[PROVIDED INFORMATION]

'''

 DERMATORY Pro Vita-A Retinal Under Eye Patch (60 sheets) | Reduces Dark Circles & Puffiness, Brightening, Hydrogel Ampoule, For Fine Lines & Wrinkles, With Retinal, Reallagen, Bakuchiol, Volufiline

'''
'''

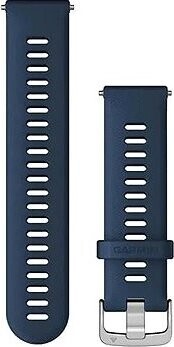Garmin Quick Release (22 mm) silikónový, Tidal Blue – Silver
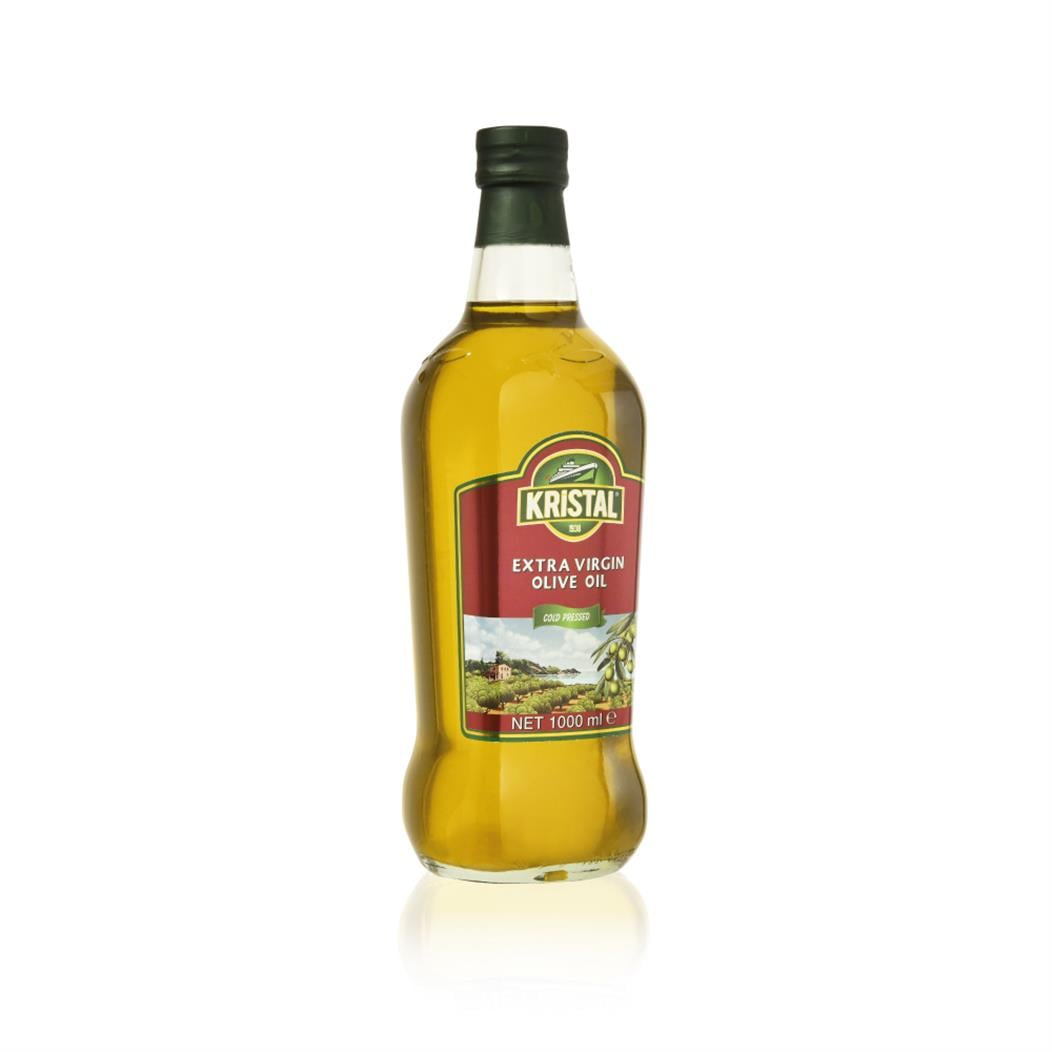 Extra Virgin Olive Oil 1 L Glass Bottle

'''
'''

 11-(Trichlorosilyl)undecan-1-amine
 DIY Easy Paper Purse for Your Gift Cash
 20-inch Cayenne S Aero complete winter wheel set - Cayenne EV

'''

[WHAT TO DO]
Repeat exactly the lines of the listing above, from the one with "11-(Trichlorosilyl)undecan-1-amine" down to the one with "20-inch Cayenne S"; both of those lines belong in the range.

[TASK ANSWER]
 11-(Trichlorosilyl)undecan-1-amine
 DIY Easy Paper Purse for Your Gift Cash
 20-inch Cayenne S Aero complete winter wheel set - Cayenne EV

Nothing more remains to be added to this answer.